● **DATA IN THIS EXERCISE**
• • • • •
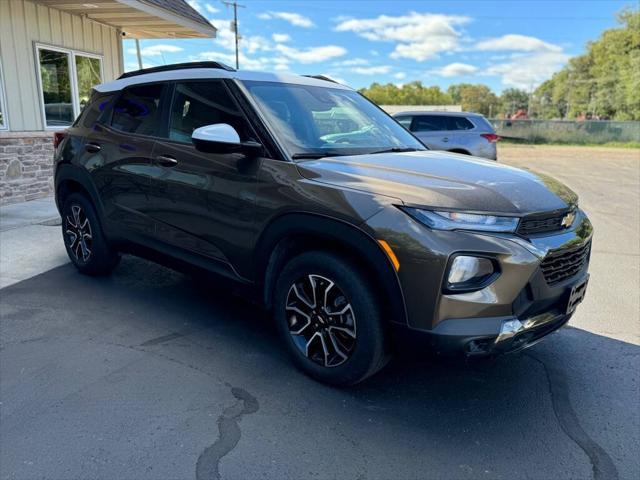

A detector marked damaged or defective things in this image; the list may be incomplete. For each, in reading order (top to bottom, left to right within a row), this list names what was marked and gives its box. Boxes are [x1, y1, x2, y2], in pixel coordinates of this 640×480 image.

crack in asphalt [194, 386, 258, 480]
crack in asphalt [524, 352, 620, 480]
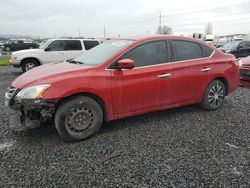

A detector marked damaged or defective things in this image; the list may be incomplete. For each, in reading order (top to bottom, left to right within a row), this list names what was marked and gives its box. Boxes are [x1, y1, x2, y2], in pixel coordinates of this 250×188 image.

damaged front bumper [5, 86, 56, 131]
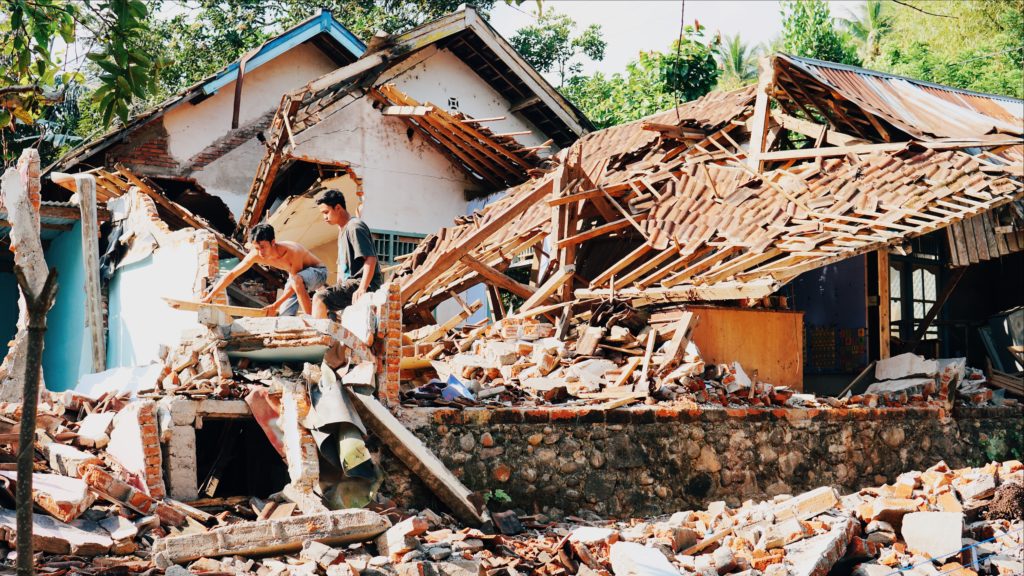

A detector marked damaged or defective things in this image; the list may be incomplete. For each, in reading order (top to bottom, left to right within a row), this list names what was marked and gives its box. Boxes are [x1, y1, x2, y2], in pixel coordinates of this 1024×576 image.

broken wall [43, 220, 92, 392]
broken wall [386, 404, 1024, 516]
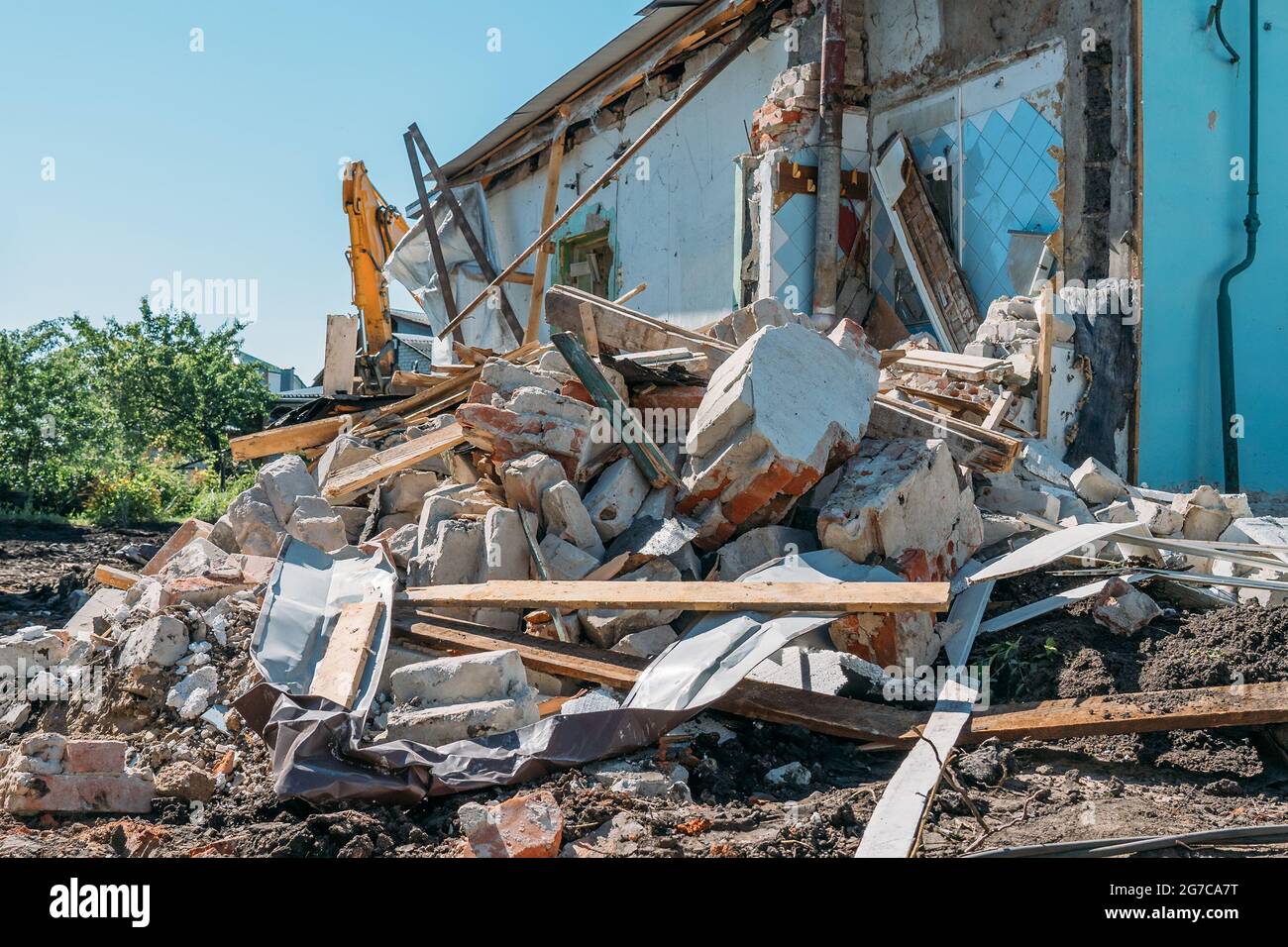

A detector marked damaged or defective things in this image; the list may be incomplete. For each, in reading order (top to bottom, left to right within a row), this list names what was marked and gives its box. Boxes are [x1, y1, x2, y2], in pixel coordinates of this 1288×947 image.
• • • • •
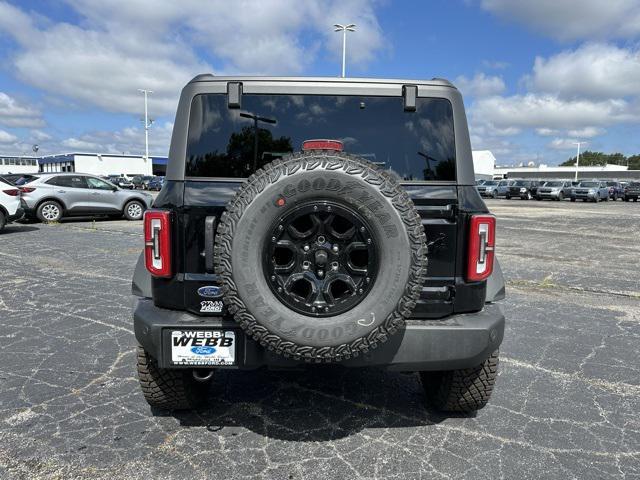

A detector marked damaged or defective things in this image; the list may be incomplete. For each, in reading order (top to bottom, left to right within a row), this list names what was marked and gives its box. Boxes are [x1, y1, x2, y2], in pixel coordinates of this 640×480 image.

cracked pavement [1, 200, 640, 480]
• • • • •
● **YOUR TASK**
Reproduce the listing above exactly from the line containing "this 250×188 image." up to and including the line containing "this 1288×947 image.", omitting any images and everything outside those lines.

● **RESULT OF THIS EXERCISE**
A detector marked damaged or defective things in this image; the list may be incomplete. For each, in reading order (top to bottom, left to right within a row), this list names what was marked and gives its box. Boxes are [x1, y1, x2, y2], in pixel coordinates of this 250×188 image.

damaged front bumper [5, 86, 56, 131]

A detector marked damaged or defective things in this image; the list may be incomplete. For each, in reading order (top to bottom, left to right within a row), this list names what was marked and gives its box. Boxes are [x1, y1, x2, y2], in pixel coordinates of this 1024×576 image.

broken wall [43, 220, 92, 392]
broken wall [386, 404, 1024, 516]

A detector marked damaged or defective things in this image; the list may be incomplete. For each, in reading order (top to bottom, left to right within a row), this list names what was marked and gives its box. Boxes are [x1, y1, x2, y2], in pixel coordinates of this 1288×947 image.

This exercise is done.